Final answer:
An element of a variable life policy includes a cash value account, which is an investment component that can grow over time. The death benefit may vary based on the performance of the invested funds, and policyholders might be able to adjust premiums and benefits. Insurance companies use actuarially determined premiums to ensure all expenses and profits are covered.
Step-by-step explanation:
An element of a variable life policy includes a cash value account that can accumulate value over time. This cash value acts as an investment account, where part of the premiums paid by the policyholder are invested to potentially grow the cash value of the policy. The death benefit in a variable life policy is tied to the performance of the investment options, which means it can fluctuate depending on the underlying investment returns. This is unlike traditional whole life insurance policies, where the death benefit is typically a guaranteed amount.
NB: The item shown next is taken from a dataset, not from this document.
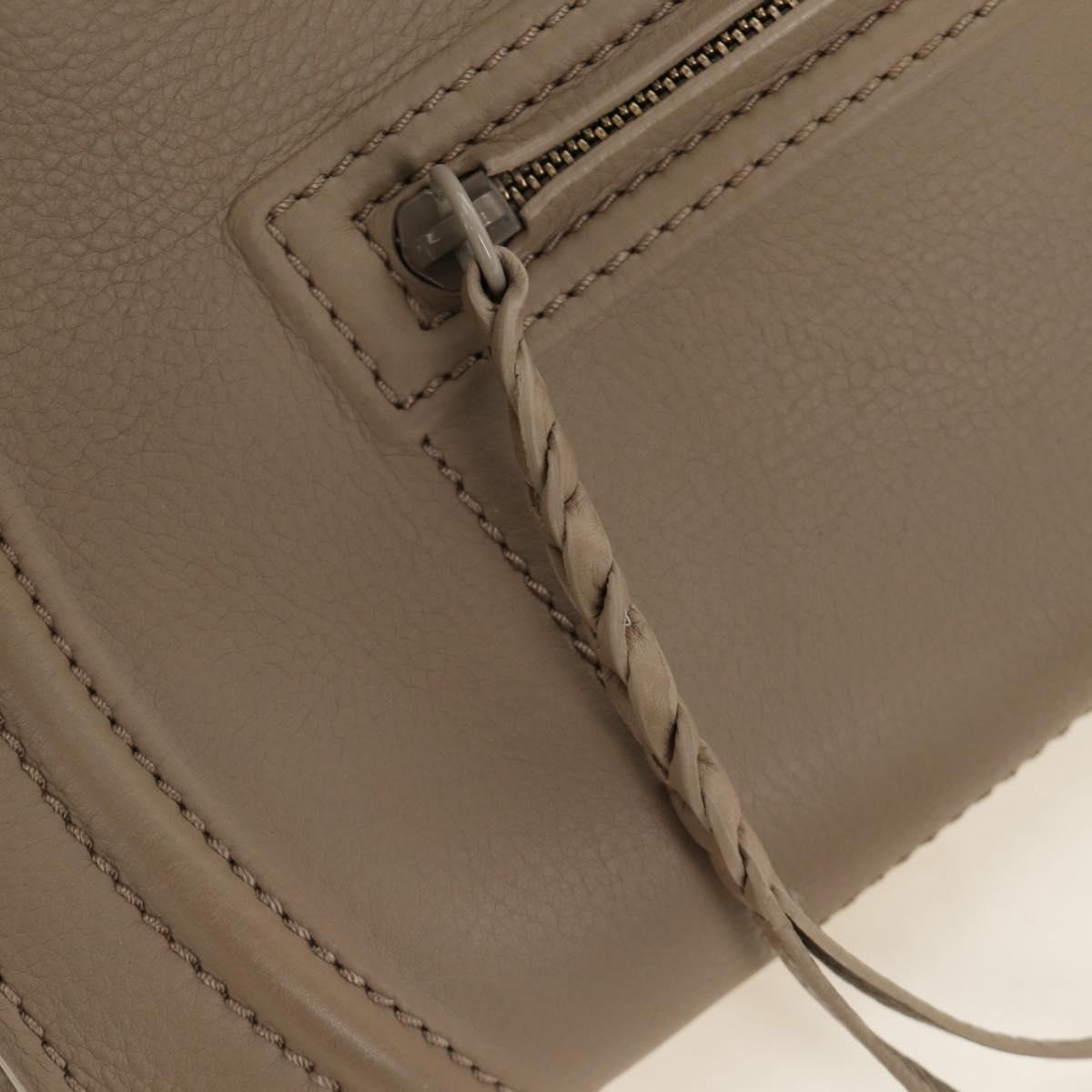 CELINE Luggage Small Square Phantom Hand Bag Leather Beige Auth 190074M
Furthermore, policyholders may have the flexibility to adjust the premiums and death benefits over the course of the policy, subject to certain constraints and provisions set by the insurance company.
A fundamental law of insurance is that payments from policyholders over time must cover the cost of claims, the administrative expenses of running the insurance company, and allow for company profits. This applies to variable life policies and all other forms of life insurance. Also, when setting premiums, insurance companies assess risk factors such as age or health history. In an example scenario where an insurance company sells a policy to a group with varied risk of cancer history, the actuarially fair premium would be different when calculated for each subgroup compared to when the entire group is treated as a single pool.